The truth is, I think women athletes are some of the best role models we have, despite the fact that they’re less in the spotlight. Most high-profile women in our culture tend to be princesses, models, actresses, or (lastly) executives. I’m not saying that any one of those things are easy or don’t require talent and hard work; but there is something so unique about athletes who, at the end of the day, are not judged by image-making or luck, so much as what they can do inside the game. Also, they embody not just the ideals that women are “supposed to be good at” such as compassion and elegance, but ones like competitiveness, drive, physical fitness, grit, thick skin, super confidence, and sportsmanship–a really cool type of integrity you can exude when you play fair in your game and in life. Who doesn’t want that?
Without further ado, here are some lessons from my favorite women athletes.
1. Take responsibility for your confidence.

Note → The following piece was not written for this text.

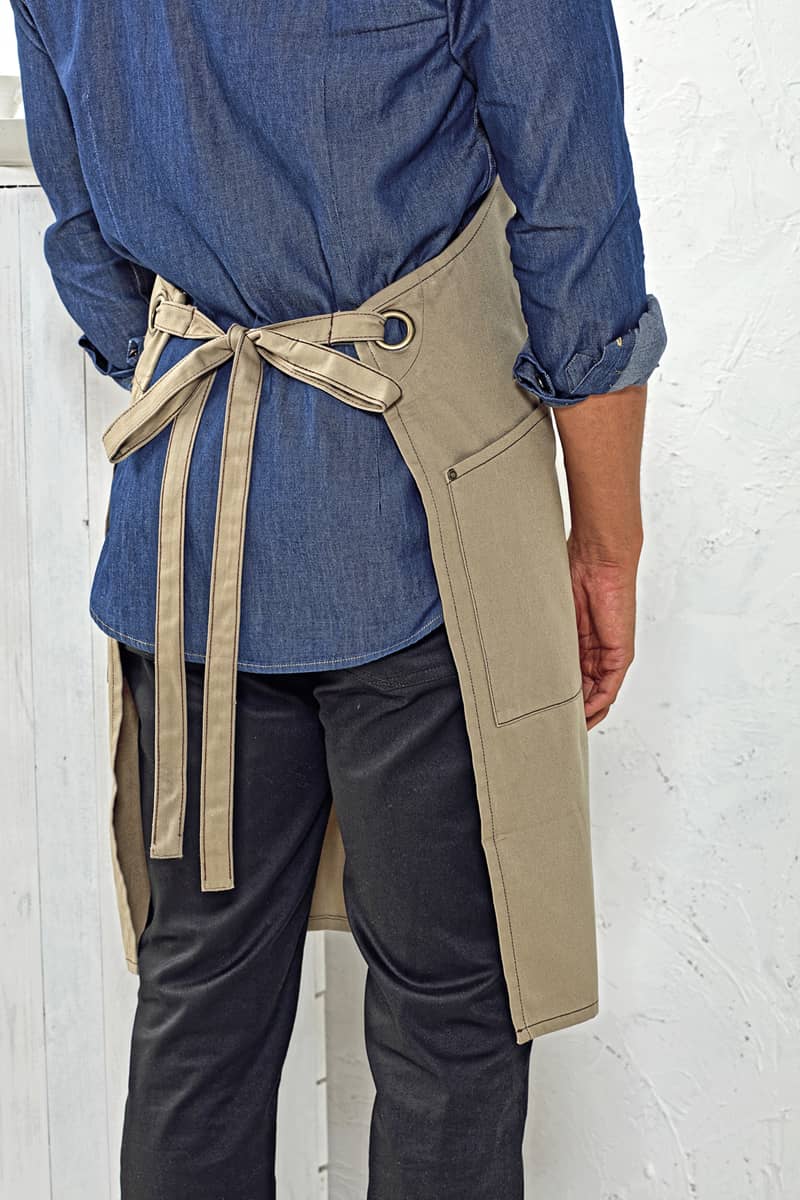 'Barley' Contrast Stitch Bib Apron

“Just believe in yourself. Even if you don’t, pretend that you and at some point, you will.” – Venus Williams
“Some people say I have attitude–maybe I do…but I think you have to. You have to believe in yourself when no one else does–that makes you a winner right there.” – Venus Williams
There is a funny saying on learning: “I can teach you, but I can’t understand it for you.” And confidence works the same way. Other people are not responsible for encouraging and supporting you, so don’t wait for compliments to start pouring in, and start with a basis of inner confidence. You know yourself best: you know what you’re capable of, what you want, and how far you’re willing to go to get it.

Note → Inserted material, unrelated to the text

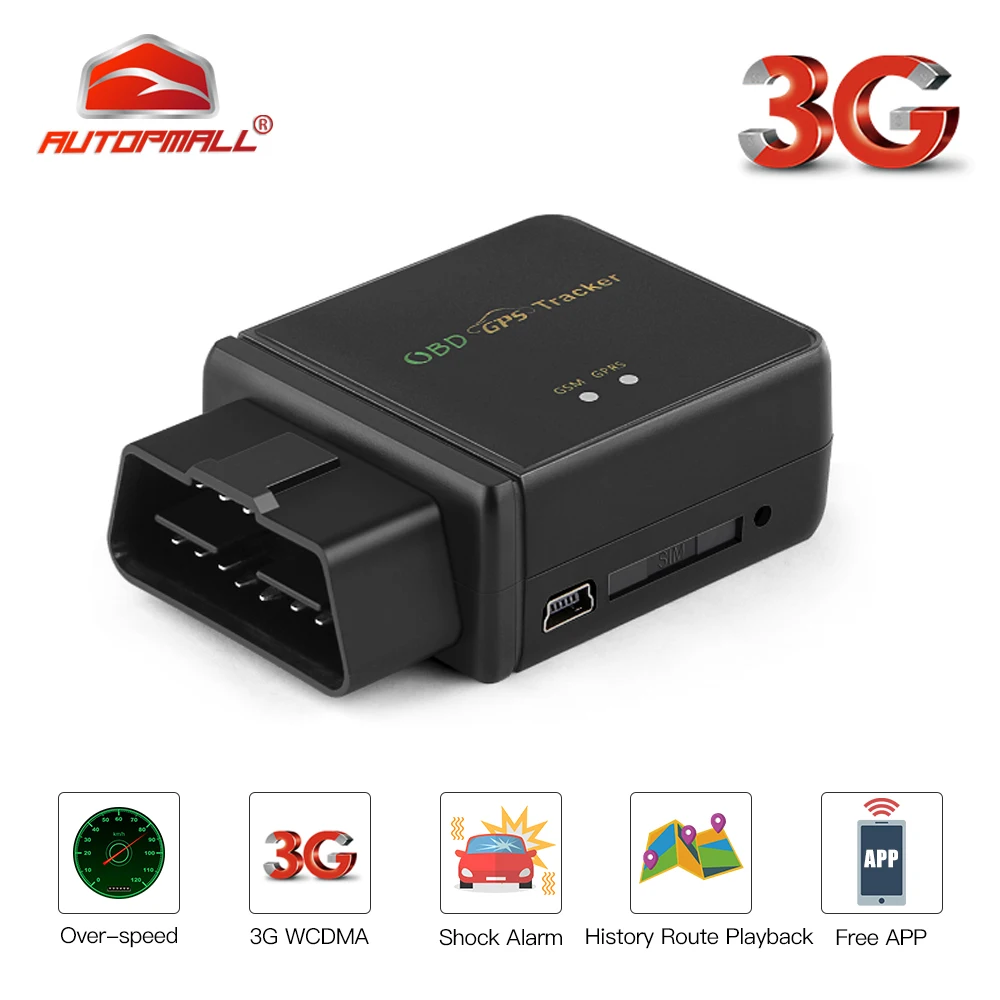 

3G GPS Tracker OBD 9-45V Plug Out Alarm Voice Monitor OBD2 GPS Tracker Car Overspeed Vibrate Alert Geofence Free APP Rastreador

2. You do thousands of hours of work so that when you’re ready, you attack.
“You just have to show up for practice, be professional, work your ass off…Be ready.” – Kelley O’ Hara
O’Hara is a breakout star from this Women’s World Cup, scoring in the semifinal match against Germany. It was only her second time playing for the women’s national team, and her first goal at the World Cup. So imagine going into the tournament, not even knowing whether you’re going to even play or not–but you have to be no less dedicated. In life we’re often so anxious about the possibility of not getting that opportunity to “go on the field,” of not receiving an opportunity. But all athletes work as though they’ll go on at any minute. You’re not a bench athlete if you don’t work like a bench athlete. So work like a champion.
3. Own your ambitions.
“My goal is to become the first African American principal dancer with the ABT.” – Misty Copeland
This week, ABT announced the promotion of several of its Soloists to Principal Dancers, though only one of them made headlines all over media: that of 32-year-old Misty Copeland, the most famous ballerina of her generation (see: Under Armour commerical, memoir called Life in Motion: an Unlikely Ballerina, TIME magazine cover, etc).

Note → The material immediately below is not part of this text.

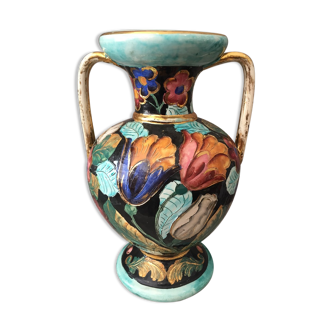 Monaco amphora vase with floral decoration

She had been a Soloist since 2007, and many younger dancers had been promoted to Principal before. (Paloma Herrera, who just retired from the same company, was made a Principal at age 20). So it’s really astonishing that Misty had been so vocal about her wish to be promoted to Principal these past several years. Think about telling the people both in and outside your company that your goal is to become promoted to XYZ, or that your goal is to publish a book, to create your own successful brand, or what have you. Pretty nerve-racking, right?
We often don’t sell our ambitions because we’re afraid of that not coming to pass, getting embarrassed, or seeming ambitious. That’s certainly a risk–I don’t think Misty’s outspokenness would have been taken any more gently by her bosses or her colleagues in that highly competitive group. But she made a decision to go all-in and not beat around the bushes about what she wants–and the public support she generated certainly helped her get what she wants.
4. You don’t let failures and setbacks distract you from what you want.
Another thing about Misty is that she’s famous for having started dancing at age 13, and becoming a professional by entering corps de ballet at 18. But not many people know that same year, she had fractured a part of her spine, and had to have her puberty induced in order to strengthen her bones (she’d not had her period at that point). Having a sudden, new physique was a setback for her dance career, as were several injuries and surgeries that put her out of performing for extended periods of time, up to a year.
Almost all athletes face injuries, which are perhaps most difficult because you feel like you can’t do anything. But something common in all great athletes is that they take this lull-period very seriously and prepare in every other way they can to get stronger. We all get these “injury” periods whether it’s time between jobs or relationships; but you can’t let the frustration get the better of you and give up. You use that time to improve your game. And you do it again and again.
Do you have a favorite athlete? And how does s/he inspire you?